The high-performance LINPACK run represents about 80% to 90% of the overall system performance benchmarked and may still be able to topple Frontier to the top spot.
Aurora’s theoretical performance was estimated to be 2 exaflops. The real-world performance measure is about 55% of this, which is in line with the numbers achieved on other supercomputers, which are about 50% to 70%.
The System Wasn’t Built for High-performance LINPACK Runs
The hardware choices for Aurora indicate the system wasn’t built expressly to achieve top high-performance LINPACK benchmarks.
Instead, the system was built to balance scientific and AI computing. The system achieved 10.6 exaflops on mixed-precision computing on limited system benchmarking.
Scientific computing is shifting toward mixed-precision computing, and ANL, HPE, and Intel are looking ahead with Aurora. At the same time, Aurora meets the needs of conventional scientific applications that require double-precision computing.
The Aurora builders deliberately decided not to include processing units that drive up the main Top500 benchmark.
The System Has More AI Hardware Parts
Aurora’s design decision was to dedicate more silicon space and power budget to AI and mixed-precision parts than Frontier.
For example, Intel’s GPU, called Ponte Vecchio, in Aurora does not have dedicated matrix engines for FP64 (double-precision computing). By comparison, AMD’s MI250X in Frontier has dedicated parts for faster and more power-efficient FP64 matrix math calculations.
The dedicated FP64 engines give MI250X an advantage in LINPACK benchmarking. However, most scientific calculations cannot take advantage of MI250X’s double-precision matrix units.
“It was a deliberate design decision to not use silicon for a matrix unit for double precision. We put that extra silicon into accelerating lower precision. In bfloat16, for example, we have a lot more performance. So that’s the technical reason,” said Rick Stevens, who leads the exascale efforts at Argonne National Laboratory.

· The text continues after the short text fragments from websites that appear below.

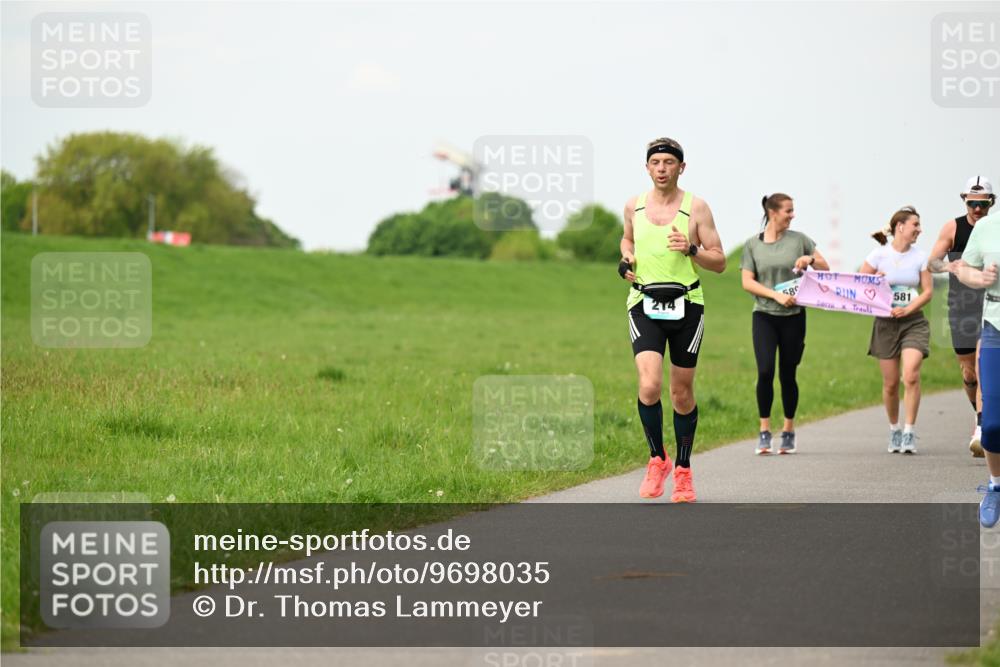 10.05.2026 - 8. Wedeler Halbmarathon Dr. Thomas Lammeyer http://msf.ph/oto/9698035 10.05.2026 11:31:29 Laufen 580, 581 meine-sportfotos.de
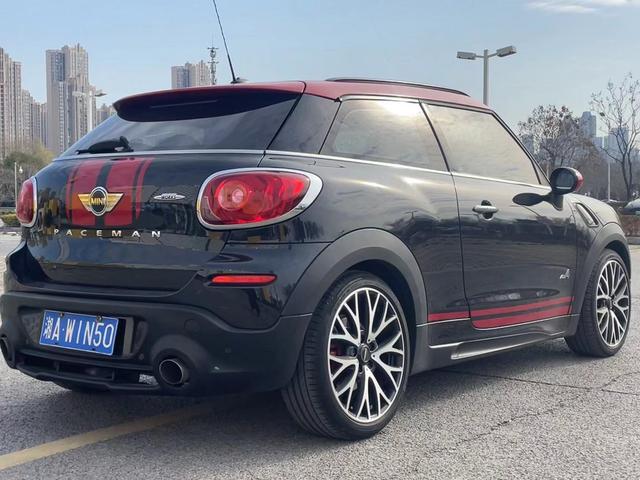 MINI JCW PACEMAN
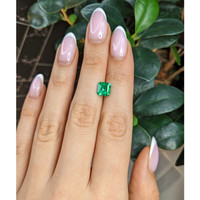 2.90 Ct. Emerald from Colombia Life Style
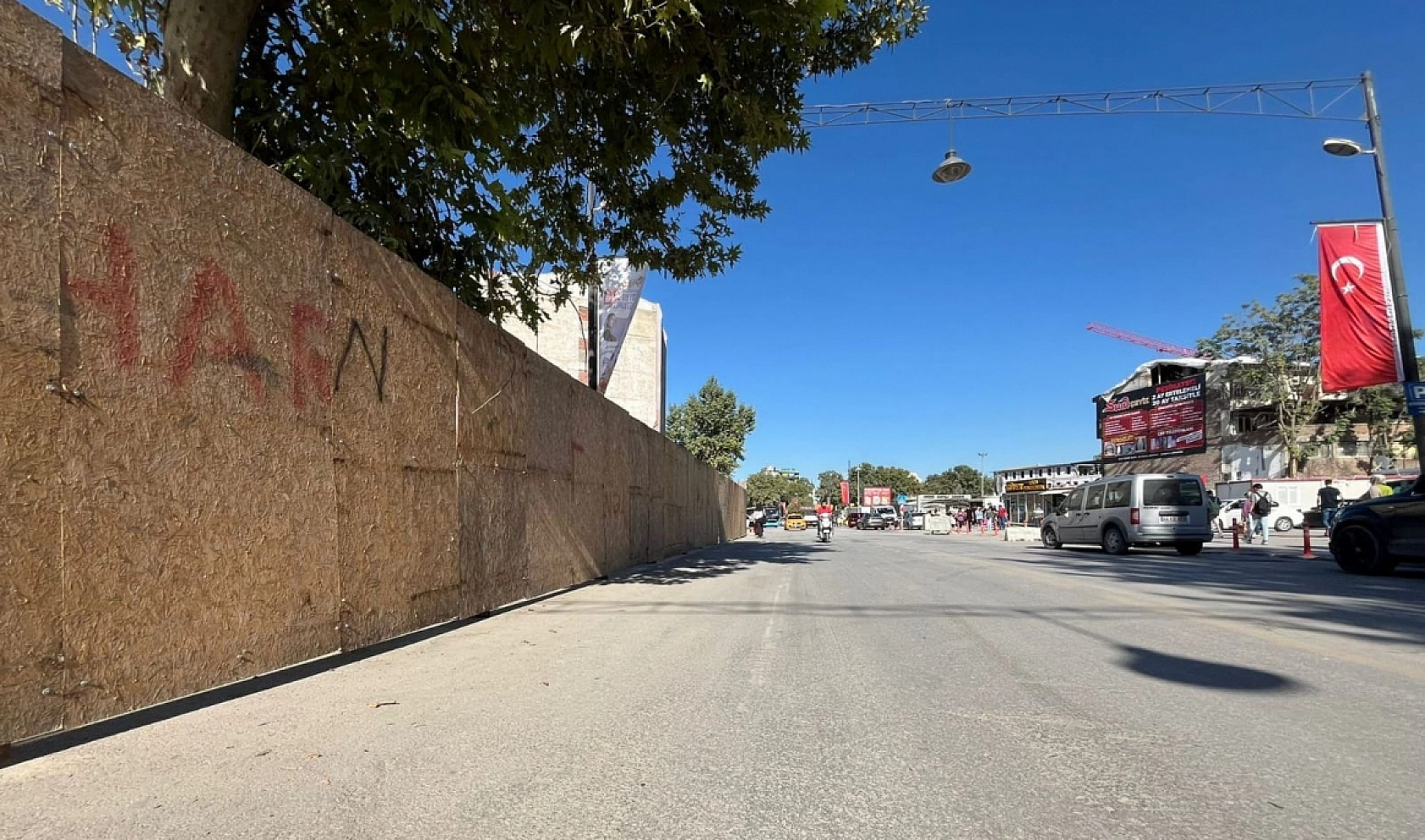 Keskin'den İnşaat Tepkisi: Vatandaşın Yolunu Kapatmayı Kim Düşündü?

That puts Aurora at a disadvantage in terms of power consumption when running high-performance LINPACK benchmarks, but Aurora gains more efficiency on low-precision computing.
Stress Testing the System
The Aurora builders are considering the long-term stability of Aurora, which takes preference over the benchmarks.

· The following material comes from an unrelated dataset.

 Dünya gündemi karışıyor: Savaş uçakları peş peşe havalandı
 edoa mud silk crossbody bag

“This is a brand new GPU architecture on the market at scale. And it’s somewhat unusual to build a very large system as the first instance of technology because not only do you have to understand individual GPUs and the microarchitecture and how to get performance out of that, but you’re also debugging at scale, which pushes hard on the reliability of individual components,” Stevens said.
ANL is running stress tests to achieve the target MTBF (mean time between failure) to achieve stability so components can run for a decade or more without failure.
El Capitan Is Coming
Bets are in favor of the El Capitan supercomputer at Lawrence Livermore National Laboratory, ultimately taking the supercomputing title in the coming years. A portion of the system — under construction — is ranked 47th on Top500, and to go up the charts with more benchmarking.
The 20-petaflop system showcases AMD’s hardware – the 24-core 4th Gen Epyc CPU and Instinct MI300A GPU.